Servers can be categorized as either enterprise servers or workgroup servers. An enterprise server supports all the users on the network as it offers services, such as e-mail or Domain Name System (DNS). E-mail or DNS is a service that everyone in an organization needs because it is a centralized function. A workgroup server supports a specific set of users and offers services such as word processing and file sharing.
As seen in Figure , enterprise servers should be placed in the main distribution facility (MDF). Whenever possible, the traffic to enterprise servers should travel only to the MDF and not be transmitted across other networks. However, some networks use a routed core or may even have a server farm for the enterprise servers. In these cases, network traffic travels across other networks and usually cannot be avoided. Ideally, workgroup servers should be placed in the intermediate distribution facilities (IDFs) closest to the users who access the applications on these servers. This allows traffic to travel the network infrastructure to an IDF, and does not affect other users on that network segment. Layer 2 LAN switches located in the MDF and IDFs should have 100 Mbps or more allocated to these servers.

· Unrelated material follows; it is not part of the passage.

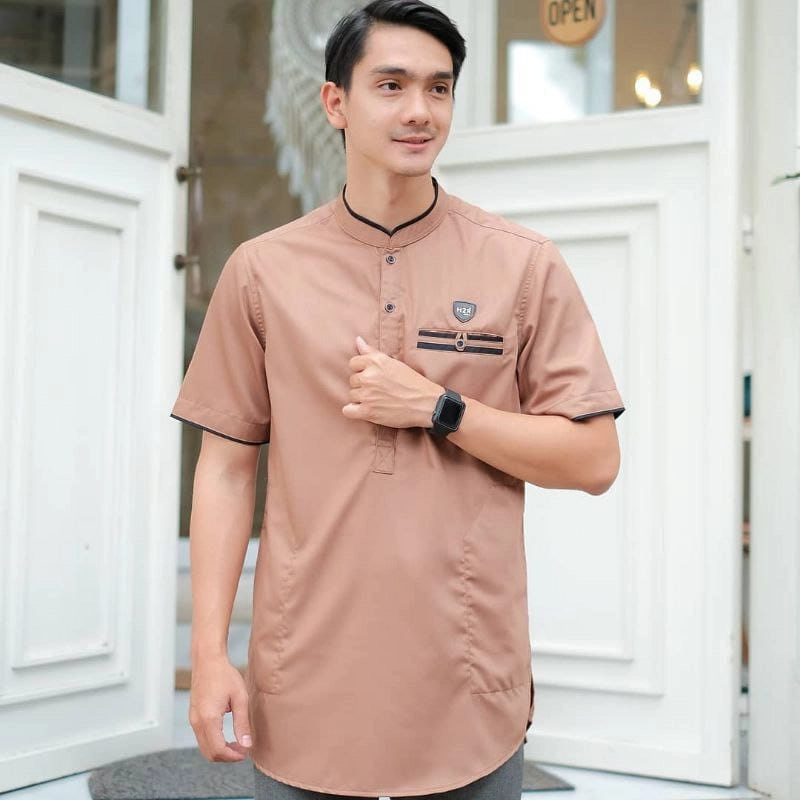Product image Khisna collection - Koko kurta pria lengan pendek M Coklat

Ethernet nodes use CSMA/CD. Each node must contend with all other nodes to access the shared medium, or collision domain. If two nodes transmit at the same time, a collision occurs. When collisions occur, the transmitted frame is destroyed, and a jam signal is sent to all nodes on the segment. The nodes wait a random period of time, and then resend the data. Excessive collisions can reduce the available bandwidth of a network segment to thirty-five or forty percent of the available bandwidth.

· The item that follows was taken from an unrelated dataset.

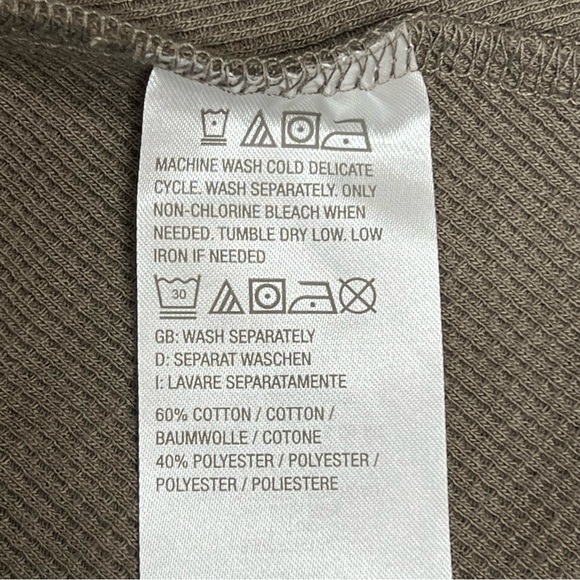 Waffle knit xl split v-neck swing top - Picture 9 of 12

Segmentation is when a single collision domain is split into smaller collision domains. Smaller collision domains reduces the number of collisions on a LAN segment, and allows for greater utilization of bandwidth. Layer 2 devices such as bridges and switches can be used to segment a LAN. Routers can achieve this at Layer 3.
A broadcast occurs when the destination media access control (MAC) address is set to FF-FF-FF-FF-FF-FF. A broadcast domain refers to the set of devices that receive a broadcast data frame that originates from any device within that set. All hosts that receive a broadcast data frame must process it. This process consumes the resources and available bandwidth of the host. Layer 2 devices such as bridges and switches reduce the size of a collision domain. These devices do not reduce the size of the broadcast domain. Routers reduce the size of the collision domain and the size of the broadcast domain at Layer 3.